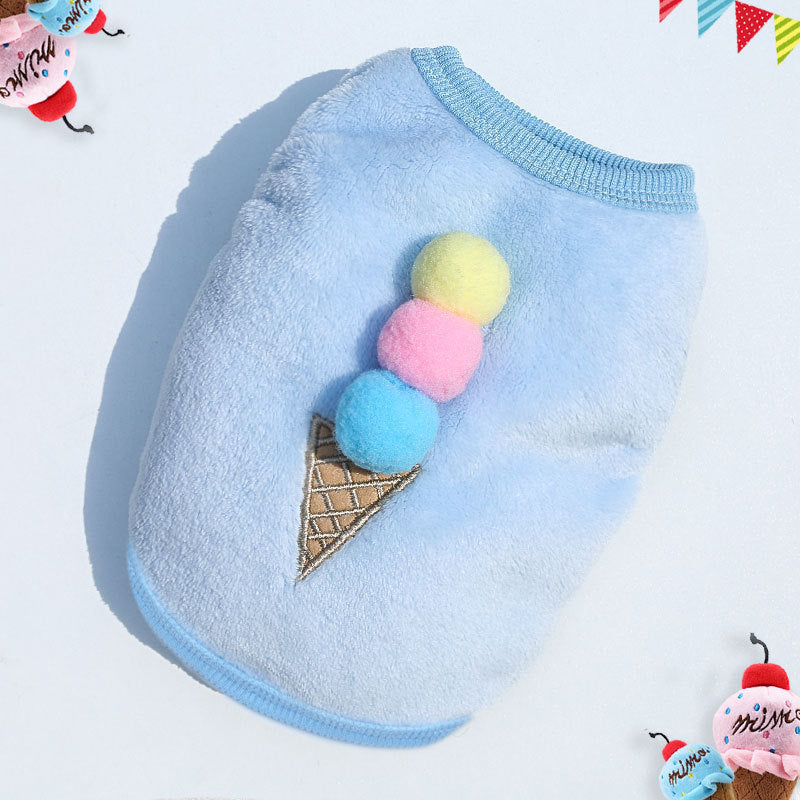 Pet Sweater Cute Fleece Blue Ice Cream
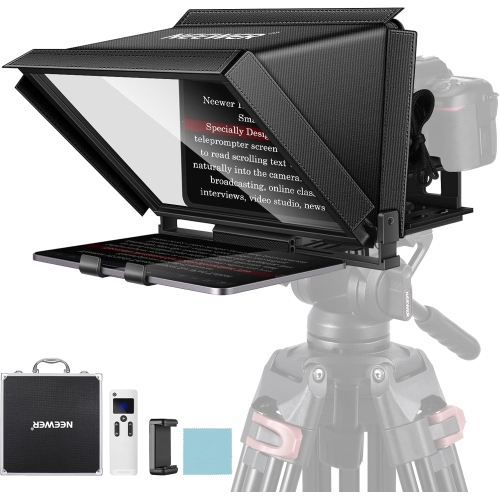 Refurbished - NEEWER X12 14 inch Aluminum Alloy Teleprompter for iPad Tablet Smartphone DSLR Cameras with Remote Control, Carry Case, APP Compatible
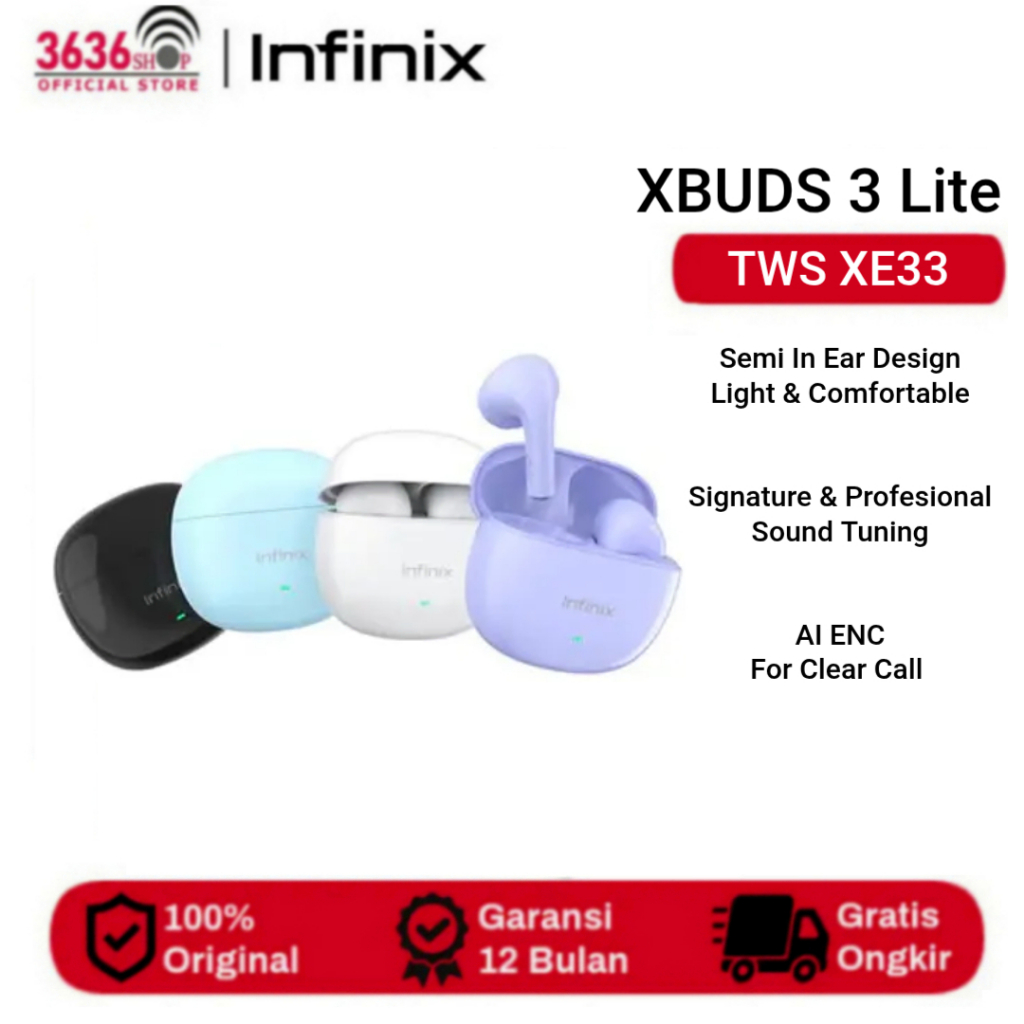 Jual Infinix TWS XE33 - Xbuds 3 Lite - True Wireless Stereo - AI ENC ...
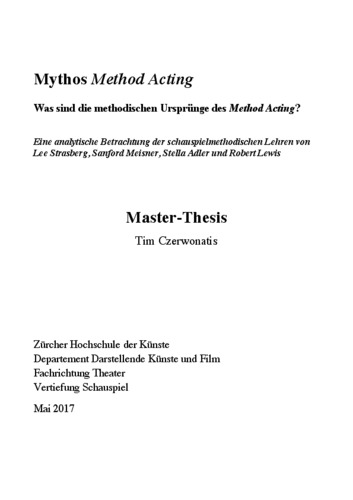 Bild:  Mythos Method Acting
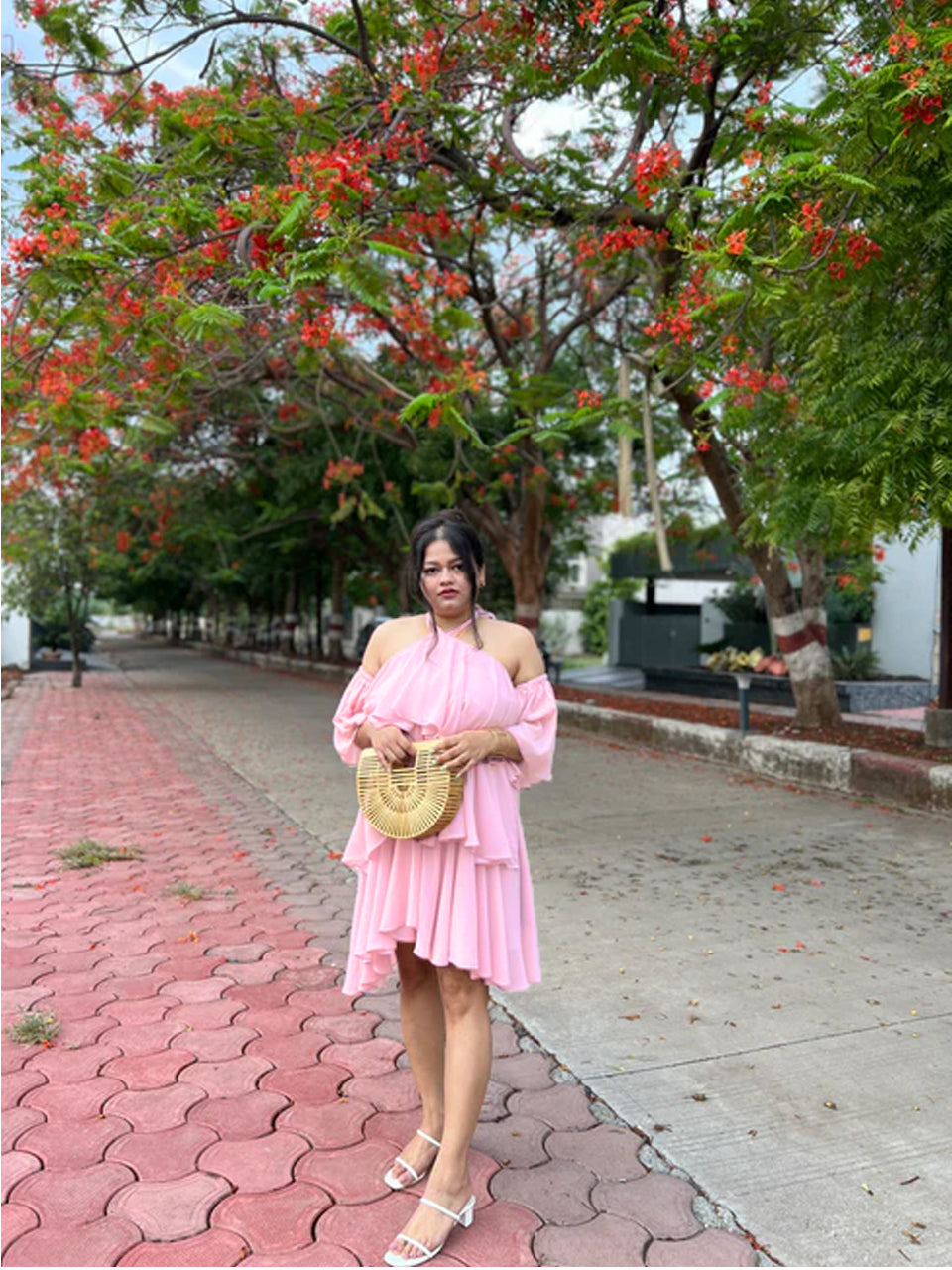 Blush jazz ruffle dress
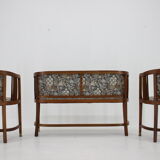 1900s set of viennese secession sofa and armchairs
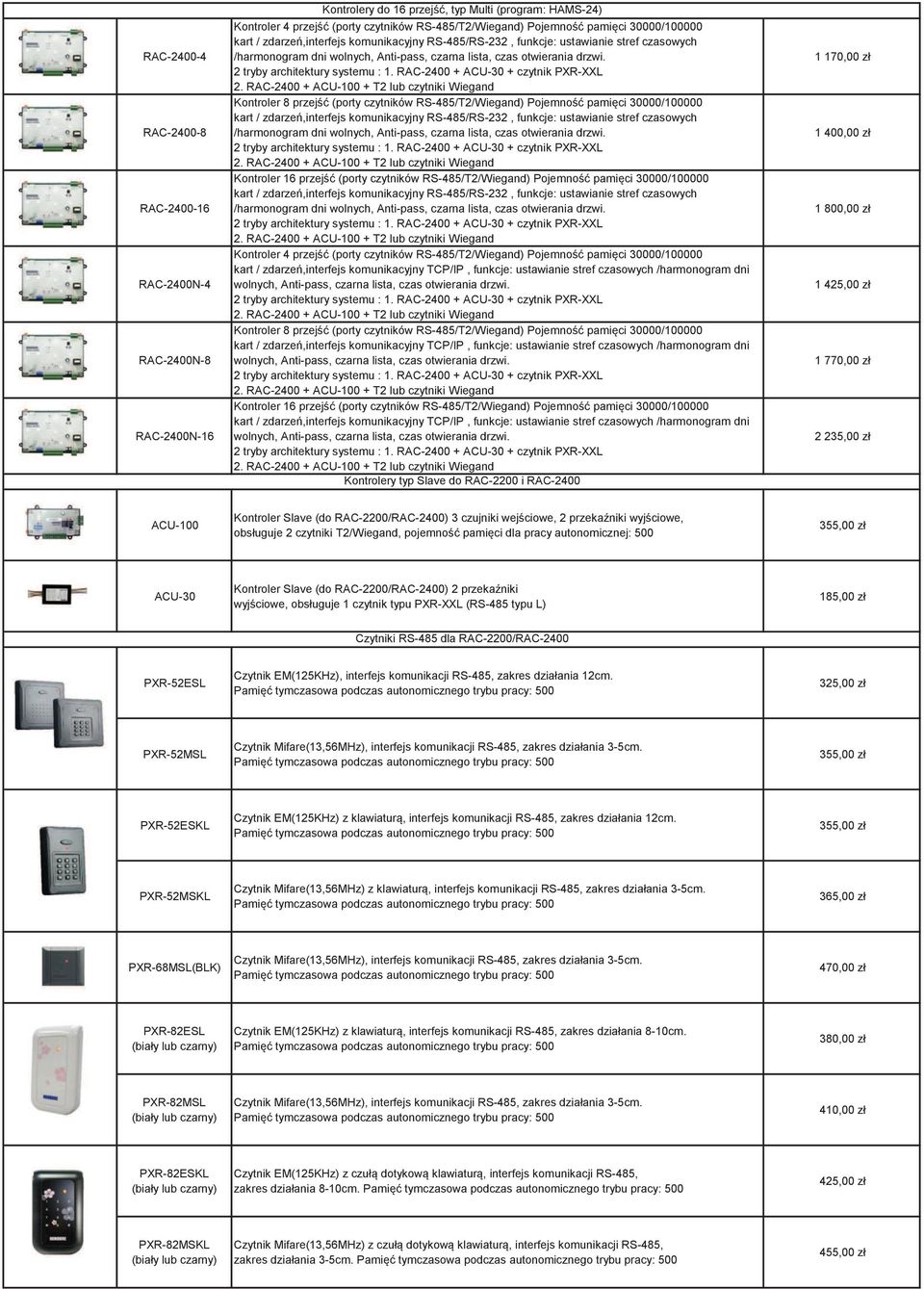 Kontroler 8 przejść (porty czytników RS-485/T2/Wiegand) Pojemność pamięci  Kontroler 16 przejść (porty czytników RS-485/T2/Wiegand) Pojemność pamięci  Kontroler 4 przejść (porty czytników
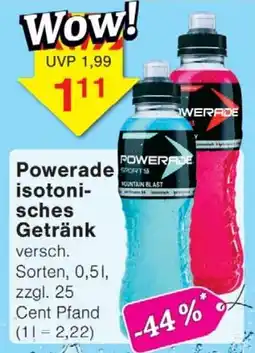 Wiglo Wunderland Powerade isotonisches Getränk Angebot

***

_AIM OF THE TASK:_
Only the pictures stay out; the rest of the entries above must be written out exactly.

_WORKED SOLUTION:_
 Pet Sweater Cute Fleece Blue Ice Cream
 Refurbished - NEEWER X12 14 inch Aluminum Alloy Teleprompter for iPad Tablet Smartphone DSLR Cameras with Remote Control, Carry Case, APP Compatible
 Jual Infinix TWS XE33 - Xbuds 3 Lite - True Wireless Stereo - AI ENC ...
 Bild:  Mythos Method Acting
 Blush jazz ruffle dress
 1900s set of viennese secession sofa and armchairs
 Kontroler 8 przejść (porty czytników RS-485/T2/Wiegand) Pojemność pamięci  Kontroler 16 przejść (porty czytników RS-485/T2/Wiegand) Pojemność pamięci  Kontroler 4 przejść (porty czytników
 Wiglo Wunderland Powerade isotonisches Getränk Angebot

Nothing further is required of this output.